As early as 2015, some teachers and students are calling for the end of using Microsoft PowerPoint in classrooms. Professor Bent Meier Sørensen wrote in The Conversation that using PowerPoint in lectures “makes students stupid and professors more boring.” He noted that the problem with lecturers who use PowerPoint is that it entices them to simply read off the presentation and stick to their planned lecture with adapting to the students’ input.
If that’s the case with presenters, then what about those presenting in places such as the workplace? Does this mean that it may also be necessary to ban PowerPoint in offices, too?
The Problem with PowerPoint
This isn’t to say that PowerPoint in the office is inherently bad. In fact, Microsoft created PowerPoint in the 1990s for business professionals. The problem, however, with using PowerPoint is the way it was designed and used as a crutch rather than as a supplementary tool for presentation.

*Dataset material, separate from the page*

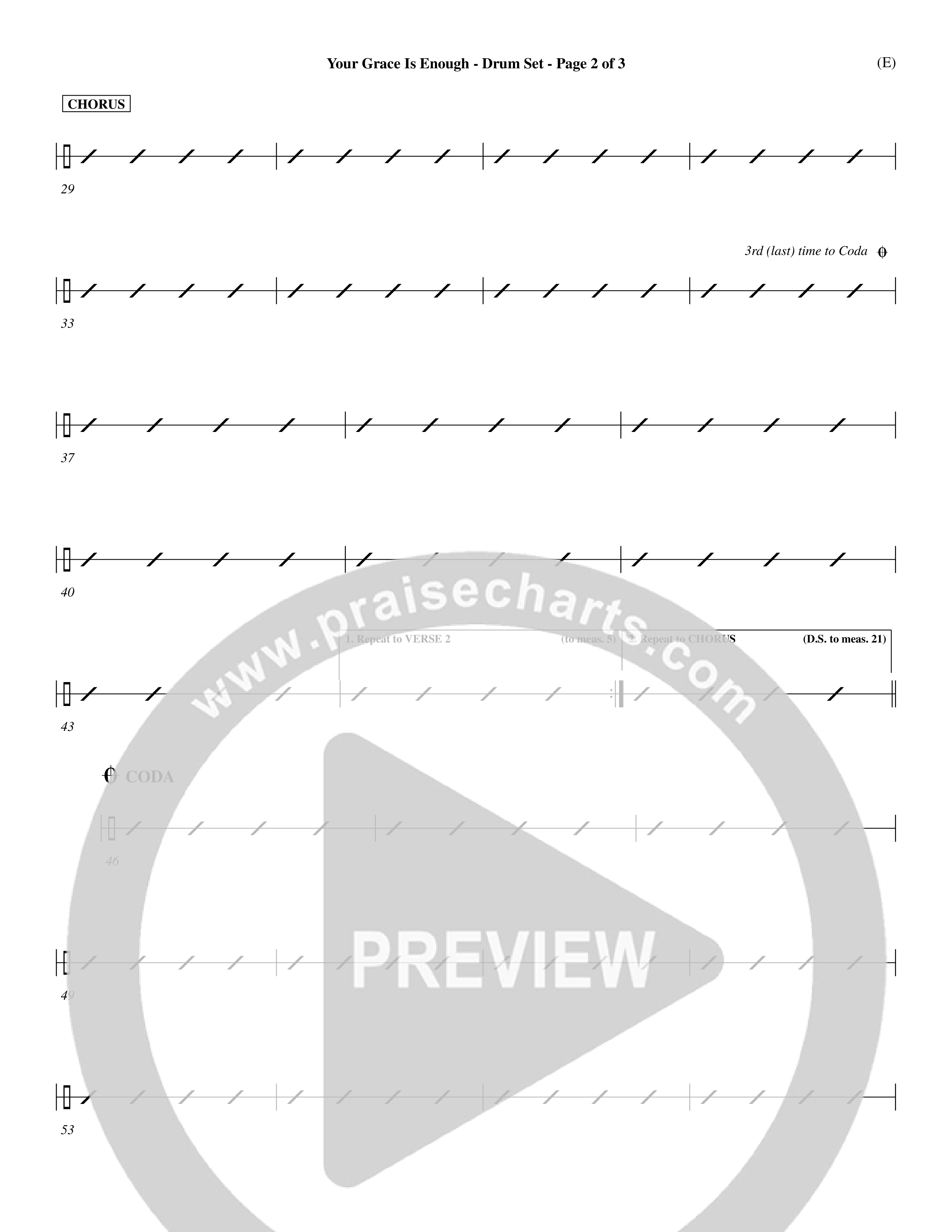 Your Grace Is Enough (Choral Anthem SATB) Drum Set (Word Music Choral / Orch. Dave Williamson)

PowerPoint (and alternatives such as Prezi and Slides) is a popular choice among people who don’t like public speaking because they think that it decreases the need for them to memorize their spiel. Many might feel that instead of having to practice, they can put the gist of what they want to say in their PowerPoint and then go from there. The idea is that even if their nervousness makes them forget their spiel, having bullet points on the screen can keep them on track.
Some speakers who use PowerPoint end up successful. The audience’s attention rests not on the PowerPoint, but on the speaker; the presentation is just a secondary visual aid that the audience can channel out because of the speaker’s effectiveness.
Not all presentations, however, end up like this. The result is the audience watching a person reading something they can easily read themselves rather than a speaker presenting an idea. It’s unengaging, forgettable, and unhelpful. Everyone will leave the conference room thinking that it was a waste of time.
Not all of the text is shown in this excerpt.